Let’s start with a quiz. Which of the following is the Programmer’s Rule # 1?
1. Expert knowledge of multiple languages, like SAS and Java
2. Talent to maneuver with complex algorithms
3. Innate ability to draw flowcharts
4. None of the above
Dear reader, as a savvy programmer, you would have instinctively picked # 4, knowing that the most important, the most fundamental and the most critical rule for programmers is not on this list.
So what’s the answer?
On a recent yoga retreat in the Bahamas, (Yes!! This is the place to be if you are considering yoga - breathing in fresh ocean air, practicing postures where the ocean is just a sea breeze away- a dream come true for any fitness practitioner) I recalled what I had learned over years of doing and teaching yoga - that there is no one size that fits all. A forgiving practice where people of different body types, endurance and stamina come together to work-out! So what is the #1 rule for this ancient mind and body workout—KNOW THYSELF –so you listen to your body and work only with moves that fit the unique you.
That same principle applies to our teaching practice at SAS. Our mantra is KNOW OUR STUDENTS. We encourage our learners to keep practicing even if the results are not perfect just yet! While we have course material to rely on and we do have to have mastery over SAS subject matter, what is more important in our teaching practice—is to be completely in tune with our students, watching every ”ah ha!”, every understanding nod or not, and observing their learning styles so we can best teach to their listening.
Taking it to the question I posed at the beginning of the post, I’m sure you get my drift. The # 1 rule for programmers is KNOW THY DATA. Much like yoga, where posture endurance is possible only when you know yourself, the same principle holds true of SAS, —you have to know your data before you can analyze it. One of the major pitfalls users make is to jump straight into analysis before knowing what it is they want to analyze. First seek answers to questions like: What are the variables? What is the smallest value? What is the largest value? How can I find duplicates if there are unique values? Answers to these questions will help on your quest to data exploration and data analysis.

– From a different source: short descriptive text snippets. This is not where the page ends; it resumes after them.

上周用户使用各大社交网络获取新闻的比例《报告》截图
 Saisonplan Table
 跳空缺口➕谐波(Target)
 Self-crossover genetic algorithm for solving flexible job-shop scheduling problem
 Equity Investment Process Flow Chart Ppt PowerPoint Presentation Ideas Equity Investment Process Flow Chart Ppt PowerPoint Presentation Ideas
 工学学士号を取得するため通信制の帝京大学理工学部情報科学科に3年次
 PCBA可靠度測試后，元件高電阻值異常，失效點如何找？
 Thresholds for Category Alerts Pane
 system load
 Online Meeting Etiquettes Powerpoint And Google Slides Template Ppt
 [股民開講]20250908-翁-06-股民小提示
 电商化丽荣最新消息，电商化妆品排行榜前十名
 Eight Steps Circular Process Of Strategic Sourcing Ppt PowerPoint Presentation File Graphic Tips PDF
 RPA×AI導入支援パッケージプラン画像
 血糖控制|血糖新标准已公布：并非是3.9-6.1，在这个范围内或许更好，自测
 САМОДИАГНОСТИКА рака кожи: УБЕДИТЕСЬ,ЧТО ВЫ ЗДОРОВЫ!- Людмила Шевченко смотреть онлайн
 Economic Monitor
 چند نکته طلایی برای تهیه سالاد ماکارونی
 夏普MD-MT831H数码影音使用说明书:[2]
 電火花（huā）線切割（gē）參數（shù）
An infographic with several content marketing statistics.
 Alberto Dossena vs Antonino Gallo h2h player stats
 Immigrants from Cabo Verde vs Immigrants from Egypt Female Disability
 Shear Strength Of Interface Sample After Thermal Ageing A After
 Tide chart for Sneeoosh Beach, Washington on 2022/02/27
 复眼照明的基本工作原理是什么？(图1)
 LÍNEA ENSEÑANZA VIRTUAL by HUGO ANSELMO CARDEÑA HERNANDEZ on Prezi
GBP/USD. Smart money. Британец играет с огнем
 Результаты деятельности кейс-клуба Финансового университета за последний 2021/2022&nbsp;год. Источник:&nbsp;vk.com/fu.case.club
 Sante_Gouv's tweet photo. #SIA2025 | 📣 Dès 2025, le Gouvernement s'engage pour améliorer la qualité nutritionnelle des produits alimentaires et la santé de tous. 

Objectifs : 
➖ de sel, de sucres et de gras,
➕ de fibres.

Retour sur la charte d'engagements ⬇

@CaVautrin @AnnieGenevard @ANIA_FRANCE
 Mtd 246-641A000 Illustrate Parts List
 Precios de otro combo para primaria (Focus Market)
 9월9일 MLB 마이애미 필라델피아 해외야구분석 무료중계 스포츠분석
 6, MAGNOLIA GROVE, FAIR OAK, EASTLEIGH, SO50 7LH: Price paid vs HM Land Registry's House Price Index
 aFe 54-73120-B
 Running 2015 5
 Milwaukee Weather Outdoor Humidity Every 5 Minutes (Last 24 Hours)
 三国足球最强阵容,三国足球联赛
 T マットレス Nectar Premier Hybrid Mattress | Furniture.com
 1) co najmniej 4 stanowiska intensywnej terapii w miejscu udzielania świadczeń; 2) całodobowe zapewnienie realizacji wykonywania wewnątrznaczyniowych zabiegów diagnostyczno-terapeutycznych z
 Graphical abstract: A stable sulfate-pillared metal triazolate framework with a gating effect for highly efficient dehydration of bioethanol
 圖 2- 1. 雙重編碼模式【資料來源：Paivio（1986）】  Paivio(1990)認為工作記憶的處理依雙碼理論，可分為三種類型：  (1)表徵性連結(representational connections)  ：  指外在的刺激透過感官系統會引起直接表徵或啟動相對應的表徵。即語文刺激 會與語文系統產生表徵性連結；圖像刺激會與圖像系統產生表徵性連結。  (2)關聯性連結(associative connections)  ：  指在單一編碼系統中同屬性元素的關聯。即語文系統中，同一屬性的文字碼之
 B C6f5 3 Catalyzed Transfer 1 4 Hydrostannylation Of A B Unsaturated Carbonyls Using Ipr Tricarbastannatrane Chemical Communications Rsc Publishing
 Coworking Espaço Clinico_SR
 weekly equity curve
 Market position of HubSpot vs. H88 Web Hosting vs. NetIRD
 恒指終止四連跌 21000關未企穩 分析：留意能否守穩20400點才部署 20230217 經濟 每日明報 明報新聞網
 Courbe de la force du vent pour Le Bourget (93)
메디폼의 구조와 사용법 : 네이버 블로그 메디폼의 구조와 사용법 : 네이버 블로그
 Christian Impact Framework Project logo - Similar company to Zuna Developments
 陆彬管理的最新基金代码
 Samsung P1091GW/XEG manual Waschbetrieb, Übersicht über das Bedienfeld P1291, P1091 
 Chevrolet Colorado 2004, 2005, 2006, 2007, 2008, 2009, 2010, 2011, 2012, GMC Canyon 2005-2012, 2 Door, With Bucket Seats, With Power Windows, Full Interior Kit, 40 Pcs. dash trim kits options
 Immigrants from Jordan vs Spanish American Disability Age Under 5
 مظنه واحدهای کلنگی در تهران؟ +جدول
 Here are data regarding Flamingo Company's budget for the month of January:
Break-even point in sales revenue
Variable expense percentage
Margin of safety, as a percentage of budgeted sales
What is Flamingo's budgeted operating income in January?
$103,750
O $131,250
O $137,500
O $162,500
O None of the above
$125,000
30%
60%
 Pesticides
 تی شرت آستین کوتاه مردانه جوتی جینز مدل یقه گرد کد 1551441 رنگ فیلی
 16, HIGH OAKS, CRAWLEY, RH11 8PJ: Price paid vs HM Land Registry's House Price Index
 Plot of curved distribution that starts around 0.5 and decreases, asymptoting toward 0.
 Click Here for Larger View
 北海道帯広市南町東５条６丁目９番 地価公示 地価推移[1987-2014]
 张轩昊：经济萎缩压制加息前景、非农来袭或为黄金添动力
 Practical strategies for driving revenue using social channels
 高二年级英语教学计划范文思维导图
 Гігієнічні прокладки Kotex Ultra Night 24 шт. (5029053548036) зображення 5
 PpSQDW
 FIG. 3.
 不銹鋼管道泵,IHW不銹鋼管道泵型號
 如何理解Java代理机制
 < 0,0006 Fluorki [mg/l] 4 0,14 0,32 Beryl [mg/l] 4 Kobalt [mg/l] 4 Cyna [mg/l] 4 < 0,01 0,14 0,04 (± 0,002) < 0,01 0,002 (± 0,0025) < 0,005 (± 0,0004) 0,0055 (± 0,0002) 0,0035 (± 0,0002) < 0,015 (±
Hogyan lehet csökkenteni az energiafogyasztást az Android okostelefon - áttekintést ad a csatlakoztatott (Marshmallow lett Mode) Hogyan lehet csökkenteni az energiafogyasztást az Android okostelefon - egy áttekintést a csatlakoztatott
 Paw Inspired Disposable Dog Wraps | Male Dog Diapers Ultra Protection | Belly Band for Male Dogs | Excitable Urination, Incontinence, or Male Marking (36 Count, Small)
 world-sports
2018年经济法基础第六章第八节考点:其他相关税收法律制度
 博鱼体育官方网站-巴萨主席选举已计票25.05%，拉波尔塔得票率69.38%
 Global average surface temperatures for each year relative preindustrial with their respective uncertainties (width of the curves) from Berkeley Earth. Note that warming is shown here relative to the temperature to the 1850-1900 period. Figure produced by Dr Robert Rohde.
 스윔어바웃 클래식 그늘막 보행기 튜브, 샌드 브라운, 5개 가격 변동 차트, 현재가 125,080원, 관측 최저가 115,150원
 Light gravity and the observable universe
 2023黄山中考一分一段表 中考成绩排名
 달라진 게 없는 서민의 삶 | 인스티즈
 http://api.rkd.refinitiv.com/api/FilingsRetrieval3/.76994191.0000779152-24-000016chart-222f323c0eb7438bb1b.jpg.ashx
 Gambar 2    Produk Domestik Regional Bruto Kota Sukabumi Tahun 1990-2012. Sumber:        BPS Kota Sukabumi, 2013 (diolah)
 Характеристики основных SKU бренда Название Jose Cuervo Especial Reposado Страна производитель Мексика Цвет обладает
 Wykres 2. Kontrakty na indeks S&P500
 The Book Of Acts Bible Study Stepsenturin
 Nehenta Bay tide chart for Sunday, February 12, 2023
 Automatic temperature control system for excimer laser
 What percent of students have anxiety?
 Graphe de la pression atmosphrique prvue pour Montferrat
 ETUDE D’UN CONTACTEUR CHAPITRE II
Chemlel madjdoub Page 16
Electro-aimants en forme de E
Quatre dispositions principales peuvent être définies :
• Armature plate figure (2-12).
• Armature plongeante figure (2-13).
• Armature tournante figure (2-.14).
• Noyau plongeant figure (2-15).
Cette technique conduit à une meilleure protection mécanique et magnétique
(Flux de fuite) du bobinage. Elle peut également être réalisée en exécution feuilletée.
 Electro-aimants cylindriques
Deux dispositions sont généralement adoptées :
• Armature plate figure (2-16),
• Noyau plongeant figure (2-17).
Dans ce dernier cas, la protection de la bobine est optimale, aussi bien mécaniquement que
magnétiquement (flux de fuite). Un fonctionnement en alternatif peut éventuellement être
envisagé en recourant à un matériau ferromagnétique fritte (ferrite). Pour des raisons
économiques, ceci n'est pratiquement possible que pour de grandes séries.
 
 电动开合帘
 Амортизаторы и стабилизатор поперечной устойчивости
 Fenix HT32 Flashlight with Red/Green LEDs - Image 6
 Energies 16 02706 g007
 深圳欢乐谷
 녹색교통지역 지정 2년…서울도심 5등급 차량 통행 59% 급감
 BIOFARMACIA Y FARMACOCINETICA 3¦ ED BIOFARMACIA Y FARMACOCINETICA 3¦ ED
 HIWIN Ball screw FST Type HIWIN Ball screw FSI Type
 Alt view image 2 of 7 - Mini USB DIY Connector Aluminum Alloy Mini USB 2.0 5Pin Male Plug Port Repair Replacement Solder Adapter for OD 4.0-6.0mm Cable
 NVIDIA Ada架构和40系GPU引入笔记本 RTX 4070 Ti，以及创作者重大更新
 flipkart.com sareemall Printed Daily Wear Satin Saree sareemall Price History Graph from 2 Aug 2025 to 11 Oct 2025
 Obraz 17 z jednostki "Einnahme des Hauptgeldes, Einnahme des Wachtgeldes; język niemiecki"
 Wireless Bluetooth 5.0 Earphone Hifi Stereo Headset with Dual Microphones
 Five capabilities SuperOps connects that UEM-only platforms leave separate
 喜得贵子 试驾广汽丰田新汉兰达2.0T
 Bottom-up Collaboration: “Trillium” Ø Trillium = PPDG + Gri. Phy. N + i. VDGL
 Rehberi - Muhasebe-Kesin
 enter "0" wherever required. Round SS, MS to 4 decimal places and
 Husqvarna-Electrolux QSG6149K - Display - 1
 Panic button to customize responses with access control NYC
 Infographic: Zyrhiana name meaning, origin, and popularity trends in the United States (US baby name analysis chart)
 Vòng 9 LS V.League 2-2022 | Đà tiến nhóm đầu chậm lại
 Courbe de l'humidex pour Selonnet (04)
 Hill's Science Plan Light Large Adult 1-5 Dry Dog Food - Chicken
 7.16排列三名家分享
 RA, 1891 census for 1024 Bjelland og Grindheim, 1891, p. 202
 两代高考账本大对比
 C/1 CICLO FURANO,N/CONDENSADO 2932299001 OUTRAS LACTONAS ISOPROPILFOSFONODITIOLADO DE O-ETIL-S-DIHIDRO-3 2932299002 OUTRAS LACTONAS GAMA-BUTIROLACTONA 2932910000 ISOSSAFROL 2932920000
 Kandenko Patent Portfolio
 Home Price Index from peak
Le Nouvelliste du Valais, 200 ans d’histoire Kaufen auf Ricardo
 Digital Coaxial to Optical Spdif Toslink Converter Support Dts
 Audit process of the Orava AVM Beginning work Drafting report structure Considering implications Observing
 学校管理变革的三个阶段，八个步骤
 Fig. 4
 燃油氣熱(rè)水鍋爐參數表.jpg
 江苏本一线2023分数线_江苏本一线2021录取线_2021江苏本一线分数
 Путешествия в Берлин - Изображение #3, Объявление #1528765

You already know that good analytics come from good data. I offer you three simple ways to follow the Programmer’s Rule # 1 of KNOW THY DATA:
1) PROC MEANS to examine the largest and smallest salary in your staff table. One great practical use is for your reporting. Now you can provide the right width for display by looking at the largest value.
2) PROC FREQ to look at unique values: Your customer master table should have only unique values. But you know your data is dirty. How can you scrub it? PROC FREQ lets you examine duplicates. But do you have the time to scroll through pages of output and rely on your eyes to spot the duplicates? Instead try this PROC FREQ step I wrote to write the customer_ids with duplicates to a table.
3) PROC UNIVARIATE to examine outliers: Unusual values are of interest or concern in data analysis as large gaps may indicate an outlier. Identify the five smallest and largest values with PROC UNIVARIATE.
Did you know that these powerful PROCS do double, sometimes triple duty to work magic on your data? Want more? Check out our Programming 1 class. I’m sure you have your own ways to tackle Programmer Rule #1, so drop me a line, I’d love to hear your thoughts.
7 Comments
You need to take part in a contest for one of the best
sites on the net. I'm going to recommend this site!
Thanks Ward, good idea to create a format to capture dirty data values--Formats are a powerful way to display data differently without having to recode a column. Thanks for sharing.
And for coded data, or at least where practical, a format that has valid values with display of 'In code List' or similar and "Unknown' or similar other wise. Then look for the formatted value "Unknown" to find coding errors.
What a great visual tip! thanks for sharing Rick.
You bet, Tim! Its just 3 hours away .. already planning my next trip! btw there's Val Morin in Quebec if you want a canadian yoga vacation!
Since the max and min of a variable are shown in the UNIVARIATE output, you can actually combine Tips (1) and (3). But since Three Tips are better than Two Tips, I'll add a new Tip: Use the histogram statement in PROC UNIVARIATE to see a graph of the distribution of the data. For example:
ods graphics on;
histogram salary / kernel;
The Sivananda Ashram, by chance? It's a great place to get away!